_Action item_: Repeat the stretch of entries below from the line with "How to create" through the line with "Unnützes Wissen für". Include both ends and add nothing.

_Extracted data_:
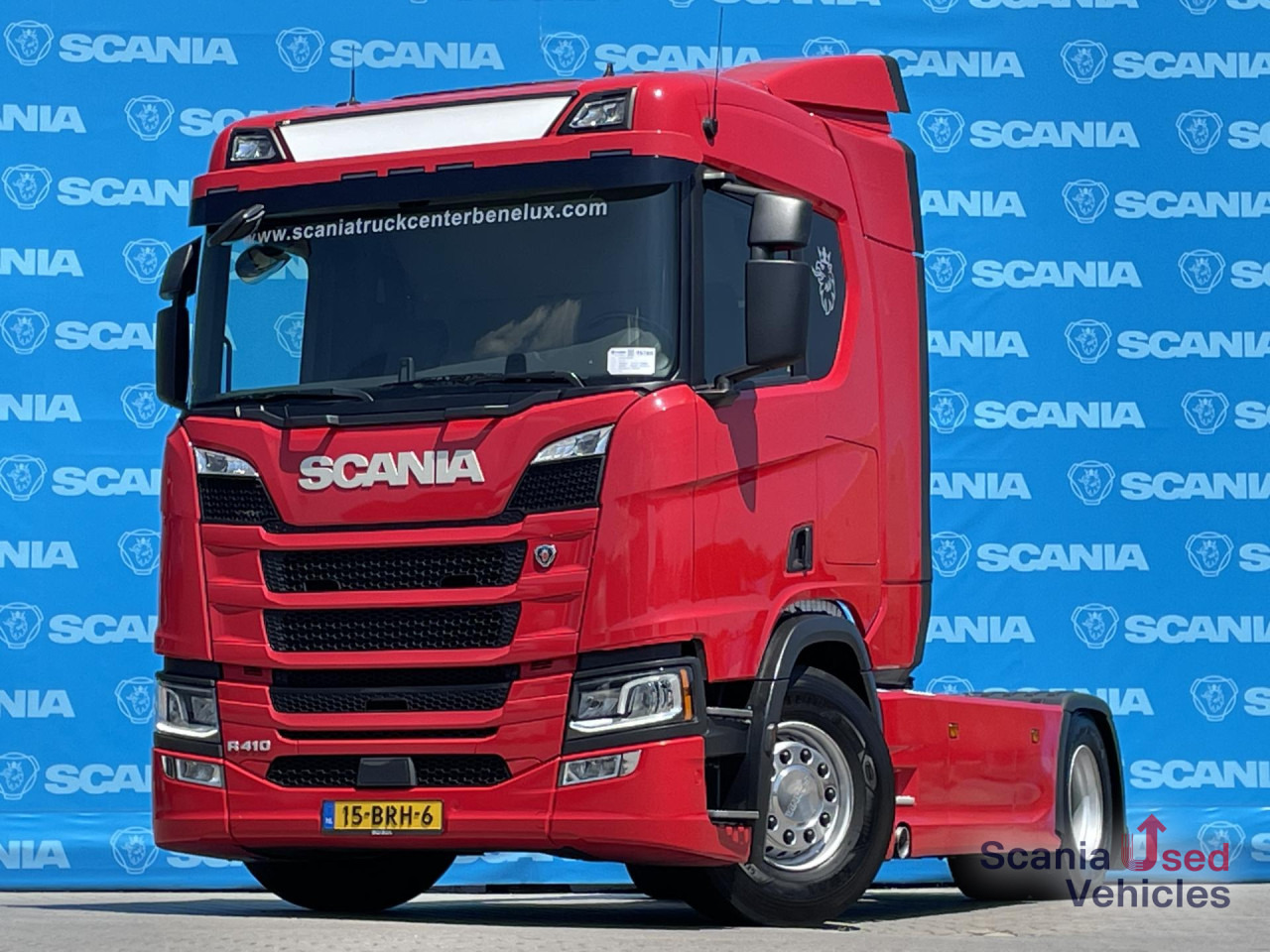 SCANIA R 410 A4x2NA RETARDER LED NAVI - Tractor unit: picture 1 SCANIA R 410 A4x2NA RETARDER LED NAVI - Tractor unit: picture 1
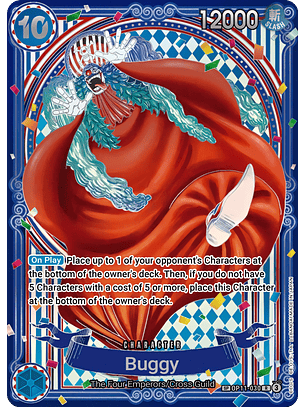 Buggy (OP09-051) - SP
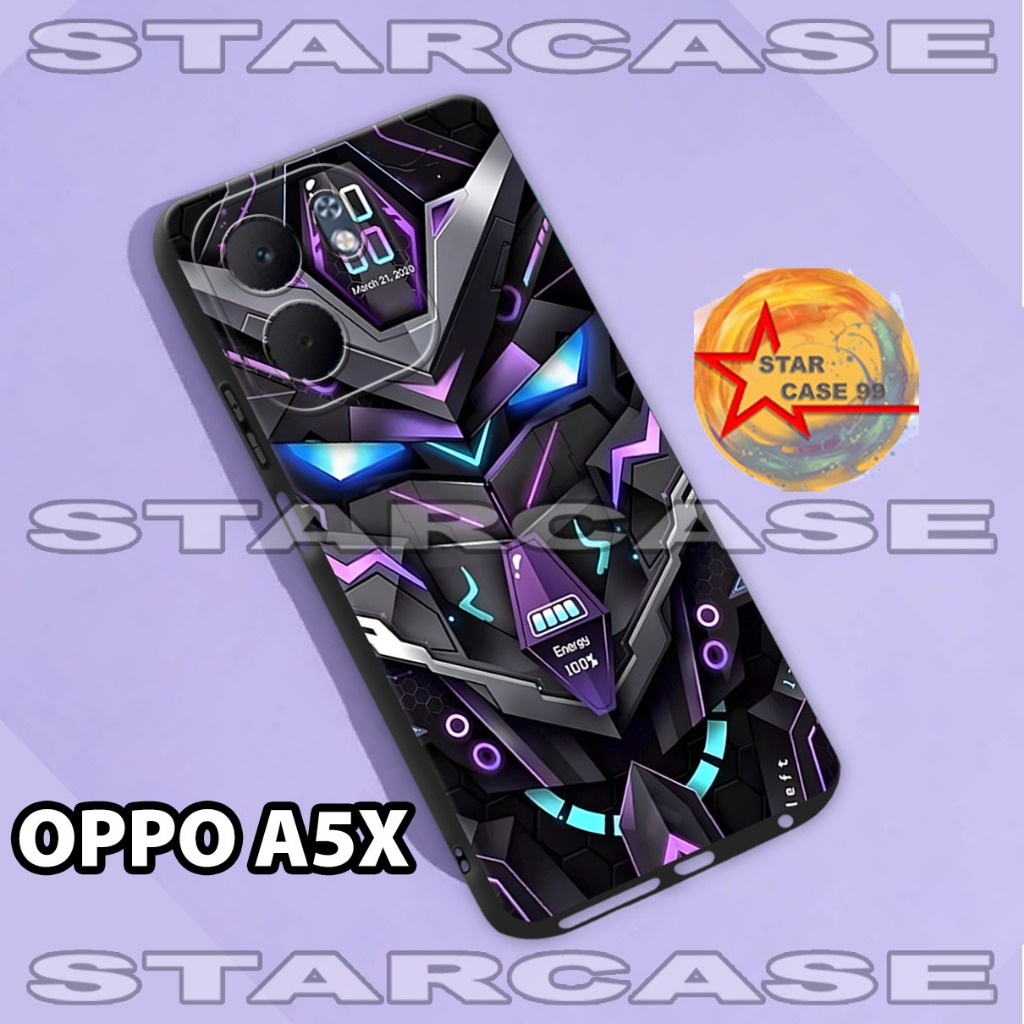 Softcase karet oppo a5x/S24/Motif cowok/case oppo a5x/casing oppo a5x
==
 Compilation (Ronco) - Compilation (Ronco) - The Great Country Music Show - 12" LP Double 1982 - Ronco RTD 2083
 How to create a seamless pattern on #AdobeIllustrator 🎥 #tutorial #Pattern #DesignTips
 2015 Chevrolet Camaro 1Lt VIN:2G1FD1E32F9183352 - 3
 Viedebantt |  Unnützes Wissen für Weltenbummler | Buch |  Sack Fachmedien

_Task answer_:
 How to create a seamless pattern on #AdobeIllustrator 🎥 #tutorial #Pattern #DesignTips
 2015 Chevrolet Camaro 1Lt VIN:2G1FD1E32F9183352 - 3
 Viedebantt |  Unnützes Wissen für Weltenbummler | Buch |  Sack Fachmedien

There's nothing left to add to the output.